• Exercise aim: An exact reprint of the data below is required, line for line.
··· Material provided
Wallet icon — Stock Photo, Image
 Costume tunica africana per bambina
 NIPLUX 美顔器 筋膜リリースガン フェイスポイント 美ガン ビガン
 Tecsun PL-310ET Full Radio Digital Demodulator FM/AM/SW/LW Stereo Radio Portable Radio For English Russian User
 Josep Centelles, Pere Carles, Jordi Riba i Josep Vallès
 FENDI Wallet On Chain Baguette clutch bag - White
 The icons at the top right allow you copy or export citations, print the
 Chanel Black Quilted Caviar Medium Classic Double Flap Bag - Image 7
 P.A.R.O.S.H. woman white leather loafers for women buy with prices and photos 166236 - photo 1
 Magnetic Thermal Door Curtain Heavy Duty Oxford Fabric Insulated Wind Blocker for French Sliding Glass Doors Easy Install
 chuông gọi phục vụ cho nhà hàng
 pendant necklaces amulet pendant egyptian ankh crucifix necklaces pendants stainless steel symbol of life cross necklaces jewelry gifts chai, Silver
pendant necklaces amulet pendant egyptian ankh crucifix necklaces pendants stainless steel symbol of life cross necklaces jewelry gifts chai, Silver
······
• Exercise output:
Wallet icon — Stock Photo, Image
 Costume tunica africana per bambina
 NIPLUX 美顔器 筋膜リリースガン フェイスポイント 美ガン ビガン
 Tecsun PL-310ET Full Radio Digital Demodulator FM/AM/SW/LW Stereo Radio Portable Radio For English Russian User
 Josep Centelles, Pere Carles, Jordi Riba i Josep Vallès
 FENDI Wallet On Chain Baguette clutch bag - White
 The icons at the top right allow you copy or export citations, print the
 Chanel Black Quilted Caviar Medium Classic Double Flap Bag - Image 7
 P.A.R.O.S.H. woman white leather loafers for women buy with prices and photos 166236 - photo 1
 Magnetic Thermal Door Curtain Heavy Duty Oxford Fabric Insulated Wind Blocker for French Sliding Glass Doors Easy Install
 chuông gọi phục vụ cho nhà hàng
 pendant necklaces amulet pendant egyptian ankh crucifix necklaces pendants stainless steel symbol of life cross necklaces jewelry gifts chai, Silver
pendant necklaces amulet pendant egyptian ankh crucifix necklaces pendants stainless steel symbol of life cross necklaces jewelry gifts chai, Silver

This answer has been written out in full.